Go through the data and retrieve each line that includes the string "Model".
[INFORMATION SUPPLIED — start]
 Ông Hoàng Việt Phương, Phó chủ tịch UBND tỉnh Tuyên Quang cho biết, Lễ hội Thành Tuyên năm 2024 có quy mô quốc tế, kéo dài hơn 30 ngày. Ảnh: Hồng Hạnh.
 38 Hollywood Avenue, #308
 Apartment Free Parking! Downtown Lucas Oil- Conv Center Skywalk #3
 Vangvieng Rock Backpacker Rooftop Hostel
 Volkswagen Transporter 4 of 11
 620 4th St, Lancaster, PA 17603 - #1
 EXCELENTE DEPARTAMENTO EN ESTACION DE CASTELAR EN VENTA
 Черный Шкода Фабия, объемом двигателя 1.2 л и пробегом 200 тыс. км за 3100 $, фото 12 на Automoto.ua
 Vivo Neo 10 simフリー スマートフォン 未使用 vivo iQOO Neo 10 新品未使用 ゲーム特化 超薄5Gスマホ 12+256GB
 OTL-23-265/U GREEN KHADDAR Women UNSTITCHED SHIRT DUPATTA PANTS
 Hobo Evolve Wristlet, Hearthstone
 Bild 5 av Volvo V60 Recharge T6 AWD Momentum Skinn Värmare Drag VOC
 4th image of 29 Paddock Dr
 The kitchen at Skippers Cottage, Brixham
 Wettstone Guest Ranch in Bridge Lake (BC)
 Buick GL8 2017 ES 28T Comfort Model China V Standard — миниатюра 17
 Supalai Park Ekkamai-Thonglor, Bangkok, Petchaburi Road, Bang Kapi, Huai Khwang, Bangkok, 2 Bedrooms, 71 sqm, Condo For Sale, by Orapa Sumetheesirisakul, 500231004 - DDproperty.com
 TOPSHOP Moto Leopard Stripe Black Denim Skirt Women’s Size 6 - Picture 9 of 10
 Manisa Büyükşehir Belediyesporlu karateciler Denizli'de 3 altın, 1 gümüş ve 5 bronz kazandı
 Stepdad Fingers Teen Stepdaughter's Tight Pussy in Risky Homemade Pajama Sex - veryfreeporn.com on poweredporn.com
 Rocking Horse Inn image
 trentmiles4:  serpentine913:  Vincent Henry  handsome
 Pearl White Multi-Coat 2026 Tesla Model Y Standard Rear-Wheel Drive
[INFORMATION SUPPLIED — finish]
> **OUTPUT FOR THIS EXERCISE**
 Buick GL8 2017 ES 28T Comfort Model China V Standard — миниатюра 17
 Pearl White Multi-Coat 2026 Tesla Model Y Standard Rear-Wheel Drive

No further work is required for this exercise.